China Labour Bulletin is quoted in the following article. Copyright remains with the original publisher
Leo Lewis Tangshan
December 14 2013
The furnaces of the Xingye steel mill, in the northeastern city of Tangshan, are silent. A lone worker trawls the perimeter for anything of value. Two lorryloads of road grit have been dumped across the front entrance, in a stony statement of closure.
For Beijing, braced for a hard winter of suffocating air pollution and carcinogenic smog, the silence of Xingye is a victory: a notorious polluter has finally been put out of action.
However, a tour of the city after dark suggests that victory may, for now, be cosmetic. As one well-placed industry source put it: “Xingye is a Potemkin closure — a decoy to convince the outside world that the Government is on top of things”.
The world will have to accept that Beijing’s environmental clean up is not going to happen quickly, he said. If it does, it will result in the lay-offs of a million muscular, unemployed and very angry steelworkers.
According to state-owned media, the shutdown last month of Xingye was “the first gunshot” in an all-out war on air pollution and massive over-capacity in the Chinese steel sector.
Other heavy industries must surely follow, say economists — setting the stage for a tense political dilemma as the Communist Party guides the country out of its high-growth, high-pollution phase.
For nearly a decade, China has fretted about the huge over-capacity in its steel sector, the minuscule profits, the feeble regulation of emissions and the roaring inefficiencies that are tolerated to avoid laying-off hundreds of thousands of workers. However, very little has happened.
Now, under President Xi Jinping, the anti-pollution drive offers a good political pretext for otherwise unpalatable closures.
The province of Hebei, which surrounds Beijing, is the primary producer of the toxic air pollution that descends for weeks at a time on the capital.
Nearly half the steel in the world comes from China, and about a quarter of that is produced within a few hundred miles of Beijing.
Workers in Tangshan report that reduced power allowances and other temporary measures have, indeed, caused some production to fall.
Tang Chengwei, emerging from the smoke-billowing, clearly active Tangshan Xinbaotai mill, said that a number of small local furnaces had been shut down recently, and even the larger ones had been suspended as the plants are supposedly re-tooled to meet environmental protection standards. Two of the four furnaces at the factory where he works have been closed since April, as desulphurisation equipment is installed. “Since Xi Jinping stepped in, pollution issues have been emphasised much more. Some mills are being closed, no matter how strong their background or political connections,” he said.

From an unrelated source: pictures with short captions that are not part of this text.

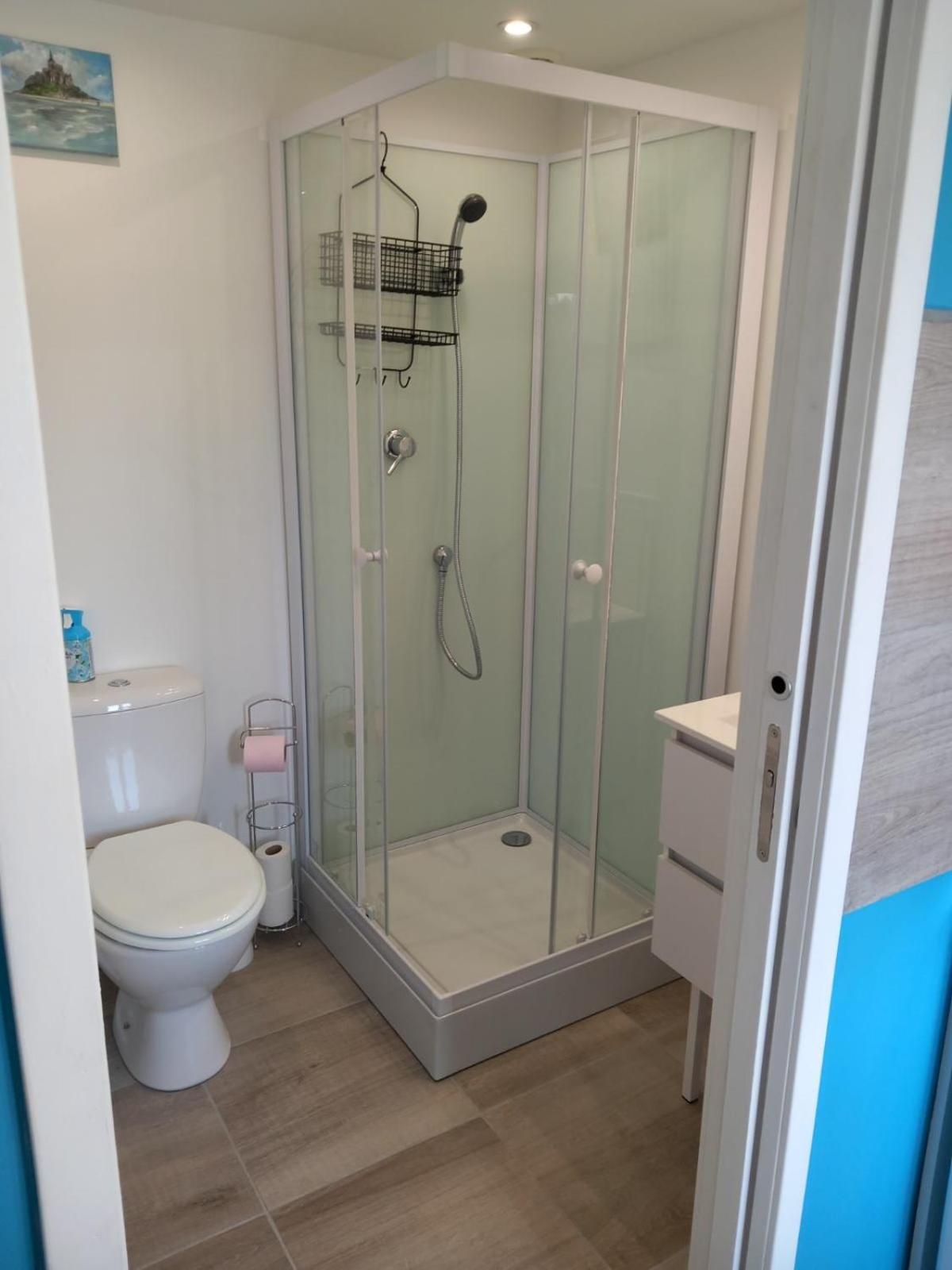 Le Tronquay  Petite Maison Du Tronquay מראה חיצוני תמונה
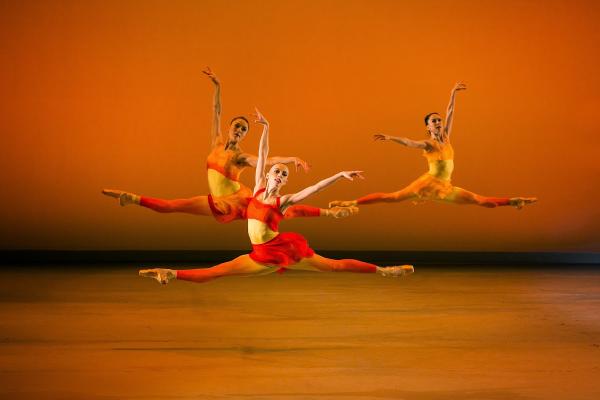 Carolina Ballet Inc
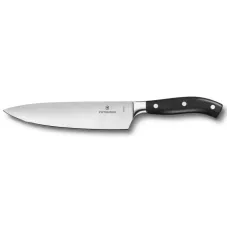 Кованый нож шеф-повара 20 см Victorinox GRAND MAITRE Chef's 7.7403.20G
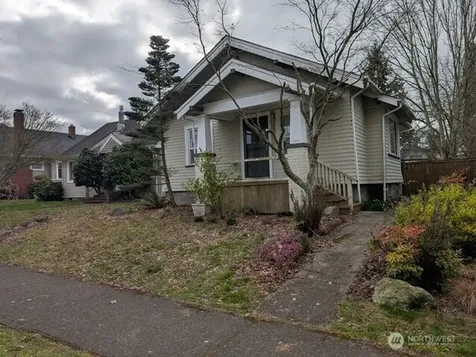 2726 S 14th Street Tacoma WA 98405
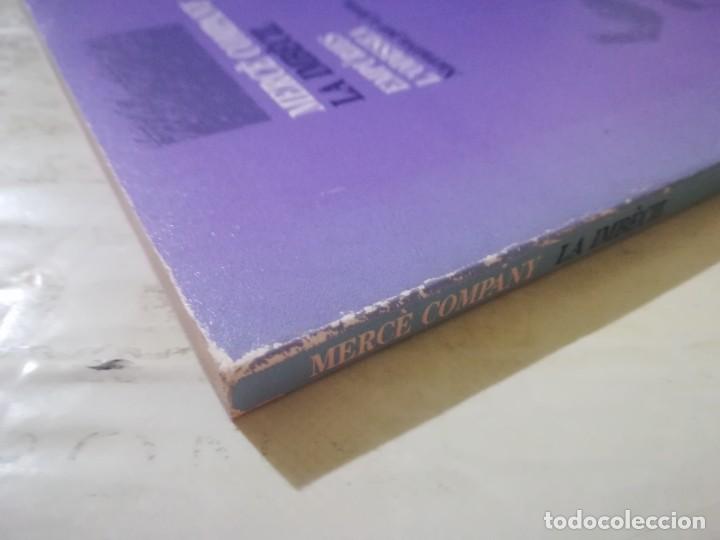Libros de segunda mano: La imb&egrave;cil - Merc&egrave; Company - en catal&agrave; - Foto 7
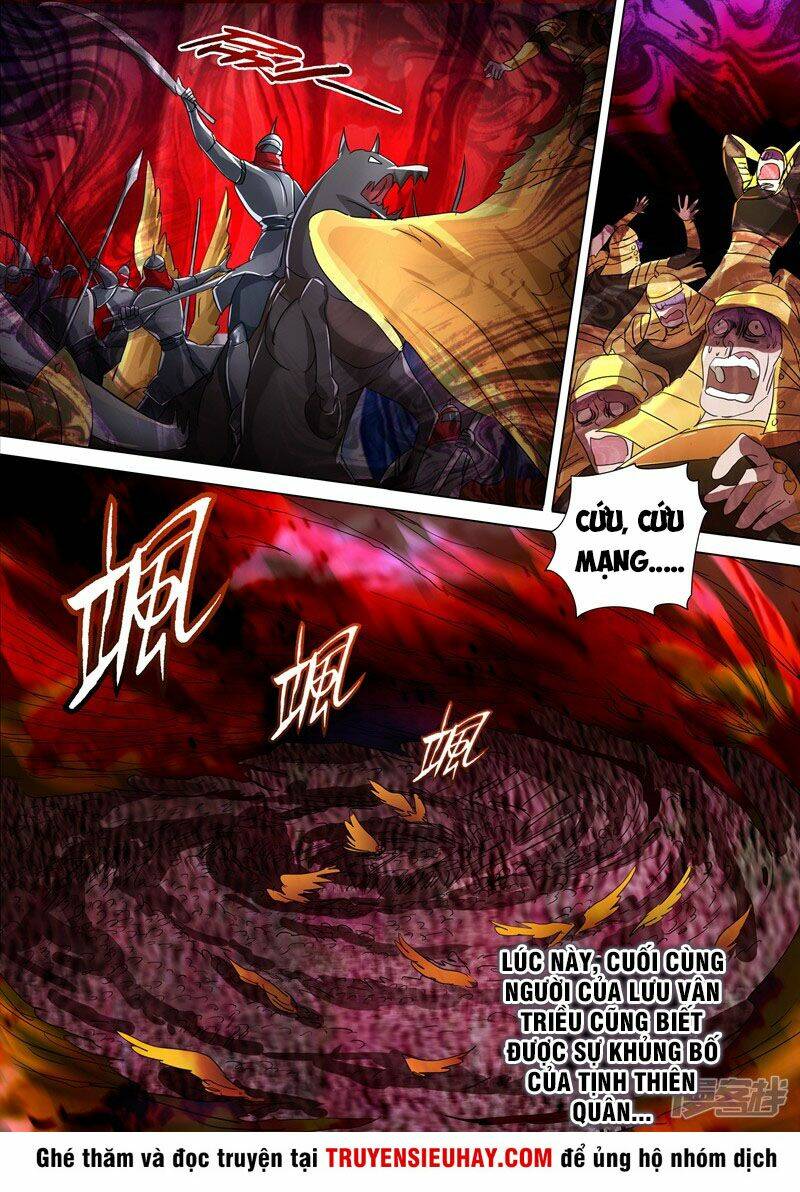 Chương 266 - Trang 5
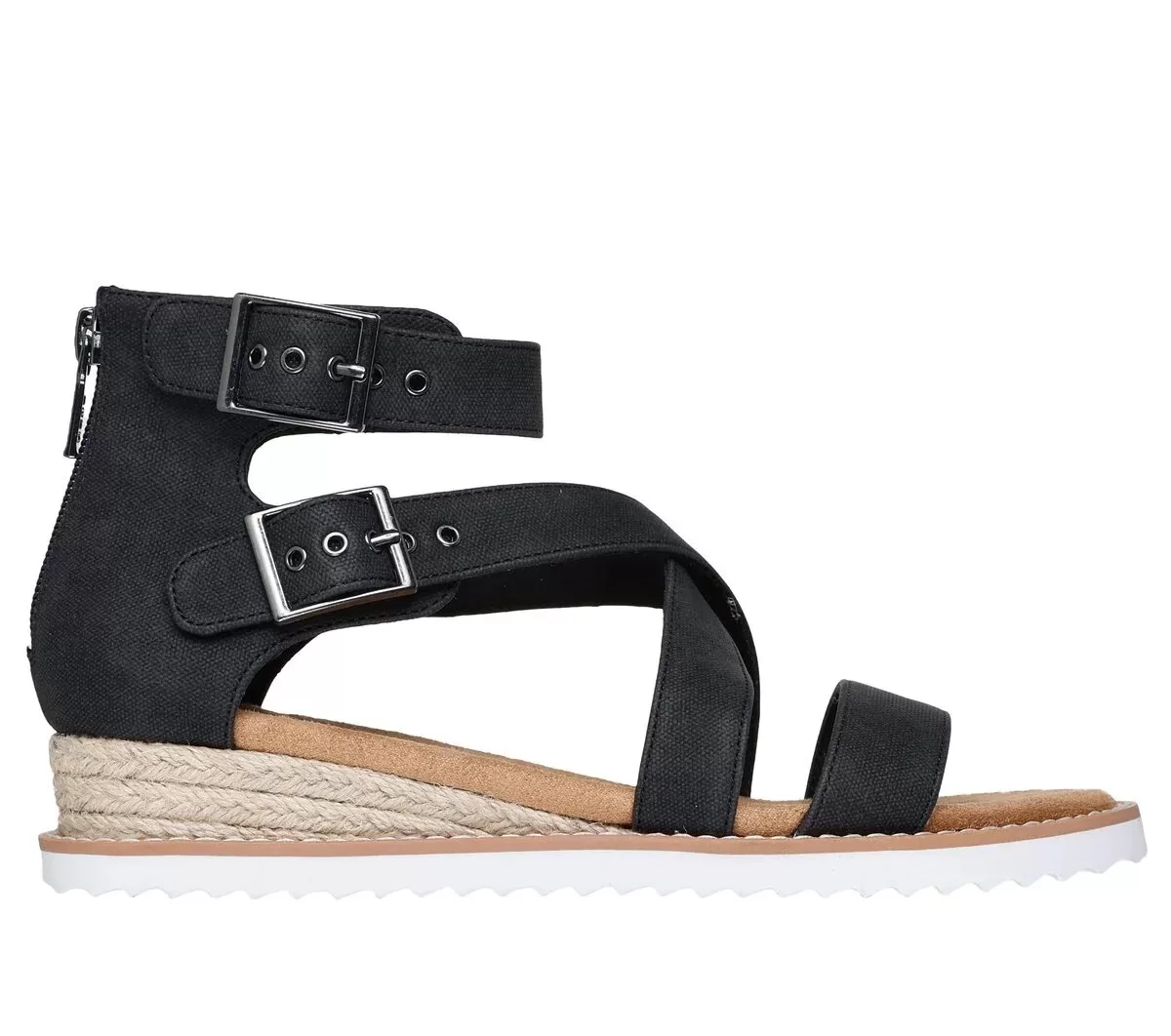 BOBS Beso del desierto – Sumergido por el sol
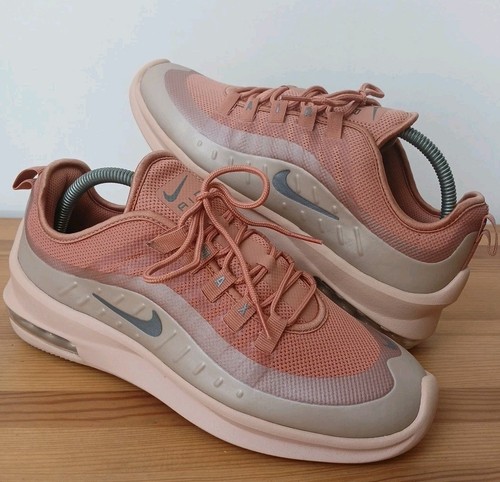 Nike air max - max, axis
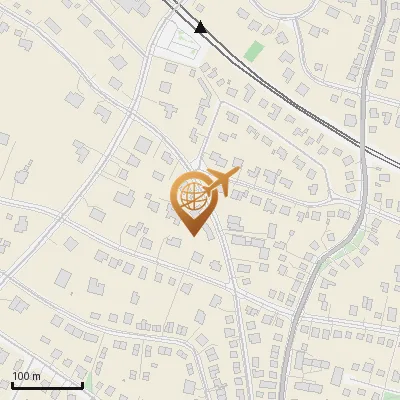 Foto zu Up de Schanz 29, 22609 Hamburg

However, behind the optimism, there are doubts that anything will happen quickly.
In Tangshan, where the air burns and trees are caked in yellow soot, 40 million tonnes of steel capacity is supposed to be cut over the next five years, and 60 million tonnes across the whole of Hebei province. As a result, 400,000 people in Tangshan (population 7.6 million) must “find other jobs”.
On the same day that Xingye was supposedly closed, 25 other furnaces and plants were also reportedly shut. In fact, say workers, Xingye had been out of operation for several months and the others were primed for closure anyway.
Under the cloak of darkness, said one steel industry executive, Tangshanpollutes as it pleases. Environmental inspectors do not work at night, the electricity is cheaper and it is harder to make out the grimy smoke funneling poisons into the skies.
At best, said Geoffrey Crothall, of China Labour Bulletin, the restructuring of the steel industry is a process that will take many, many years. The Government, he added, cannot talk expansively about huge production cuts without first working out what happens to hundreds of thousands of workers.
Beijing has seen steelworkers protest en masse in the past. It will not be eager for a repeat, however much it wants good air.